A long, bis(monodentate), linking Schiff-base ligand L (py-CH=N-$C_6H_4$-N=CH-py) was prepared from 1,4-phenylenediamine and 3-pyridinecarboxaldehyde by the Schiff-base condensation. Ligand L has two terminal pyridyl groups capable of coordinating to metals through their nitrogen atoms. In contrast, the same reaction between 1,2-phenylenediamine and 3-pyridinecarboxaldehyde produced a mixture of imidazol isomers (2-pyridin-3-yl-1H-benzoimidazole), which are connected to one another by the N-H…N hydrogen bonding to form a tetramer.
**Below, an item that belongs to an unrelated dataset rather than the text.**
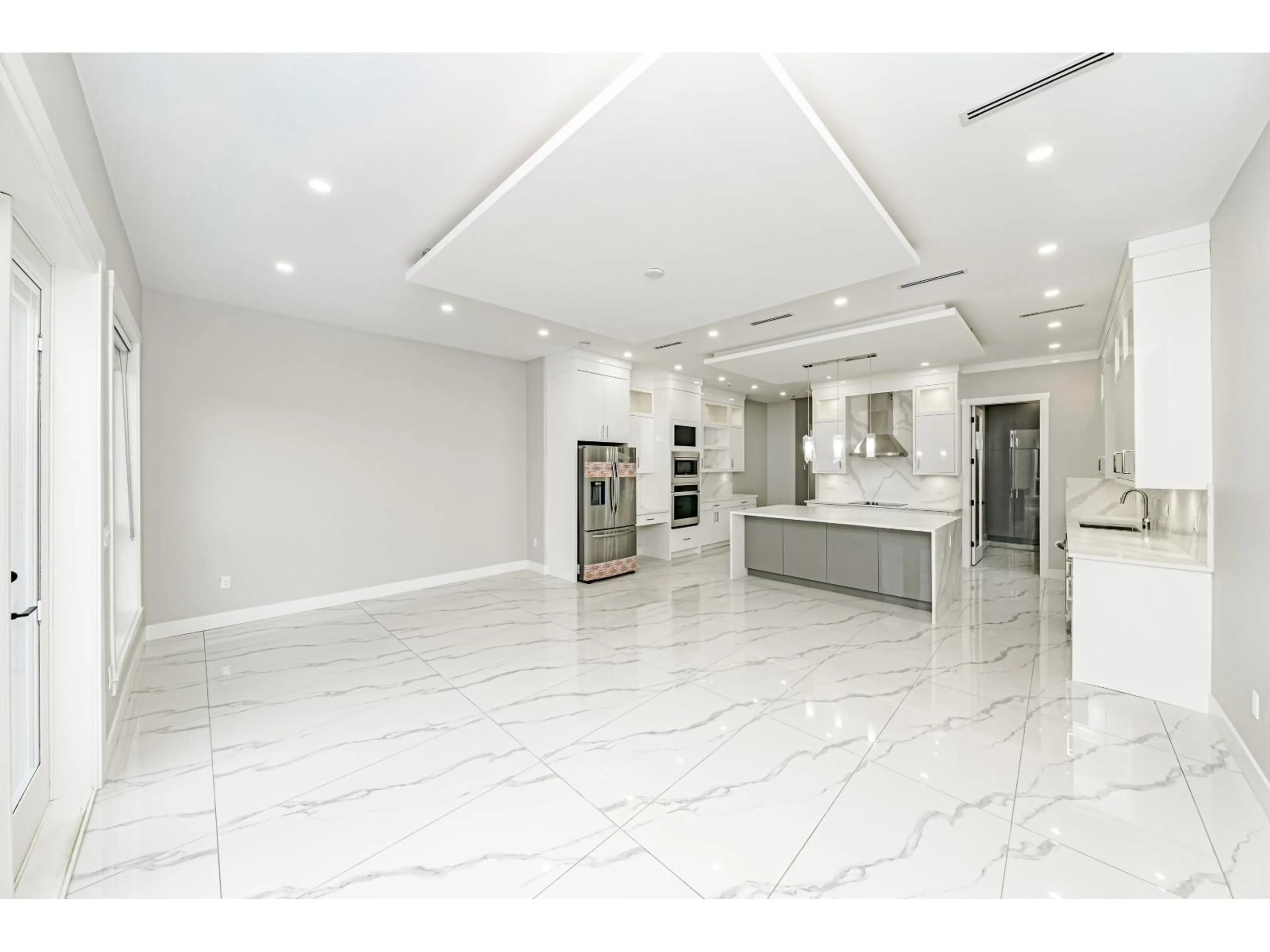 Unknown for 6302 181A STREET, Surrey British Columbia V3S4M4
From Zn($NO_3)_2{\cdot}6H_2O$ and ligand L under various conditions, one discrete molecule, trans- [Zn($H_2O)_4L_2]{\cdot}(NO_3)_2{\cdot}(MeOH)_2$, and two 1-D zinc polymers, [Zn$(NO_3)(H_2O)_2(L)]{\cdot}(NO_3){\cdot}(H_2O)_2$ and [Zn(L) (OBC)($H_2O$)], were prepared. In ligand L, the N$\ldots$N separation between the terminal pyridyl groups is 13.994 $\AA$, with their nitrogen atoms at the meta positions (3,3’) in a trans manner. The corresponding N$\ldots$N separations in its compounds range from 13.853 to 14.754 $\AA$.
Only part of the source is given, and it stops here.